* _WORK INSTRUCTIONS_
Output exactly the lines that run from the top of the entries to the line holding "How to Design Product Packaging that Sells", including both of those lines.

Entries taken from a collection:
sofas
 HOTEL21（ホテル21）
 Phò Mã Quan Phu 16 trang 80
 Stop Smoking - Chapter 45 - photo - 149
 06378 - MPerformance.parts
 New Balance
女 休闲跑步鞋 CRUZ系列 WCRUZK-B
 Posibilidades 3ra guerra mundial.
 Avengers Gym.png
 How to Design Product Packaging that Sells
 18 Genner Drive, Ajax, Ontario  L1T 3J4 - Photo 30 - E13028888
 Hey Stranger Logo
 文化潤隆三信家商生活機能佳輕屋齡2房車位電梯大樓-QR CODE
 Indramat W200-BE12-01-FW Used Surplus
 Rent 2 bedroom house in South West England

* _TASK SOLUTION_
sofas
 HOTEL21（ホテル21）
 Phò Mã Quan Phu 16 trang 80
 Stop Smoking - Chapter 45 - photo - 149
 06378 - MPerformance.parts
 New Balance
女 休闲跑步鞋 CRUZ系列 WCRUZK-B
 Posibilidades 3ra guerra mundial.
 Avengers Gym.png
 How to Design Product Packaging that Sells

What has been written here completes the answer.